- PROBLEM
Would you retype every record below exactly as written?

- EXERCISE DATA

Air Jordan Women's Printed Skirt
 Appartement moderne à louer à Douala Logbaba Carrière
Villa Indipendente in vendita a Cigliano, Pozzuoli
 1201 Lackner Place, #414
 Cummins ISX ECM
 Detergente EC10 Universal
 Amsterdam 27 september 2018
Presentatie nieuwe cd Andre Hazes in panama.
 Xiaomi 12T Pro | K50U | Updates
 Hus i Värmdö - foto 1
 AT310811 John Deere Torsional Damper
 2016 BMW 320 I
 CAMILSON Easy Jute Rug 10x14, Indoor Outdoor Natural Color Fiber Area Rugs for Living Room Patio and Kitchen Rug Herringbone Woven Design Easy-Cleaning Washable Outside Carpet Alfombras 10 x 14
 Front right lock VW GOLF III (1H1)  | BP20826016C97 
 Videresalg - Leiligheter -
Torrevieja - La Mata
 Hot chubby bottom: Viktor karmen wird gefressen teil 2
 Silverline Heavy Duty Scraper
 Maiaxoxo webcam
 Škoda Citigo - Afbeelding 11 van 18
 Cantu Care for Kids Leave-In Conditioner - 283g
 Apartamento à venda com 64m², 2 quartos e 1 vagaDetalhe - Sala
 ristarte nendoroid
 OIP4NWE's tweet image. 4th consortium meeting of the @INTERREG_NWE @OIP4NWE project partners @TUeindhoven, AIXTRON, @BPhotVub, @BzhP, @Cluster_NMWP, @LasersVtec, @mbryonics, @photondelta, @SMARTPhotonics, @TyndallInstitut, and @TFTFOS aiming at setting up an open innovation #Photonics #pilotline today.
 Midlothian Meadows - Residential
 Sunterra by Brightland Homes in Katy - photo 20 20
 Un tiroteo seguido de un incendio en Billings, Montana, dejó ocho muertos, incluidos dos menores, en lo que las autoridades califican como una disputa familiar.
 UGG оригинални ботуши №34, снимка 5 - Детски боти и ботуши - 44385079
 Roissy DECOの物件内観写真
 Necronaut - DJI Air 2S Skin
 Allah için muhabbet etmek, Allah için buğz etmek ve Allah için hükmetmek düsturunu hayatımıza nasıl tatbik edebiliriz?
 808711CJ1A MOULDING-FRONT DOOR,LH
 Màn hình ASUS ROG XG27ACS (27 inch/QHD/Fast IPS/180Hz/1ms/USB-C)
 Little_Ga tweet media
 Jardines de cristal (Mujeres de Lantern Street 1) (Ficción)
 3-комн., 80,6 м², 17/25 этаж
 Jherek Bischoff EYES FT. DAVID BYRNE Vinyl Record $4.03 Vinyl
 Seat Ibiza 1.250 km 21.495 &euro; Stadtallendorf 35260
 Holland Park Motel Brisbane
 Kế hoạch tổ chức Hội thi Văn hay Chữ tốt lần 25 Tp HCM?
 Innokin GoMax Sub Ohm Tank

- ANSWER TO THE PROBLEM
Air Jordan Women's Printed Skirt
 Appartement moderne à louer à Douala Logbaba Carrière
Villa Indipendente in vendita a Cigliano, Pozzuoli
 1201 Lackner Place, #414
 Cummins ISX ECM
 Detergente EC10 Universal
 Amsterdam 27 september 2018
Presentatie nieuwe cd Andre Hazes in panama.
 Xiaomi 12T Pro | K50U | Updates
 Hus i Värmdö - foto 1
 AT310811 John Deere Torsional Damper
 2016 BMW 320 I
 CAMILSON Easy Jute Rug 10x14, Indoor Outdoor Natural Color Fiber Area Rugs for Living Room Patio and Kitchen Rug Herringbone Woven Design Easy-Cleaning Washable Outside Carpet Alfombras 10 x 14
 Front right lock VW GOLF III (1H1)  | BP20826016C97 
 Videresalg - Leiligheter -
Torrevieja - La Mata
 Hot chubby bottom: Viktor karmen wird gefressen teil 2
 Silverline Heavy Duty Scraper
 Maiaxoxo webcam
 Škoda Citigo - Afbeelding 11 van 18
 Cantu Care for Kids Leave-In Conditioner - 283g
 Apartamento à venda com 64m², 2 quartos e 1 vagaDetalhe - Sala
 ristarte nendoroid
 OIP4NWE's tweet image. 4th consortium meeting of the @INTERREG_NWE @OIP4NWE project partners @TUeindhoven, AIXTRON, @BPhotVub, @BzhP, @Cluster_NMWP, @LasersVtec, @mbryonics, @photondelta, @SMARTPhotonics, @TyndallInstitut, and @TFTFOS aiming at setting up an open innovation #Photonics #pilotline today.
 Midlothian Meadows - Residential
 Sunterra by Brightland Homes in Katy - photo 20 20
 Un tiroteo seguido de un incendio en Billings, Montana, dejó ocho muertos, incluidos dos menores, en lo que las autoridades califican como una disputa familiar.
 UGG оригинални ботуши №34, снимка 5 - Детски боти и ботуши - 44385079
 Roissy DECOの物件内観写真
 Necronaut - DJI Air 2S Skin
 Allah için muhabbet etmek, Allah için buğz etmek ve Allah için hükmetmek düsturunu hayatımıza nasıl tatbik edebiliriz?
 808711CJ1A MOULDING-FRONT DOOR,LH
 Màn hình ASUS ROG XG27ACS (27 inch/QHD/Fast IPS/180Hz/1ms/USB-C)
 Little_Ga tweet media
 Jardines de cristal (Mujeres de Lantern Street 1) (Ficción)
 3-комн., 80,6 м², 17/25 этаж
 Jherek Bischoff EYES FT. DAVID BYRNE Vinyl Record $4.03 Vinyl
 Seat Ibiza 1.250 km 21.495 &euro; Stadtallendorf 35260
 Holland Park Motel Brisbane
 Kế hoạch tổ chức Hội thi Văn hay Chữ tốt lần 25 Tp HCM?
 Innokin GoMax Sub Ohm Tank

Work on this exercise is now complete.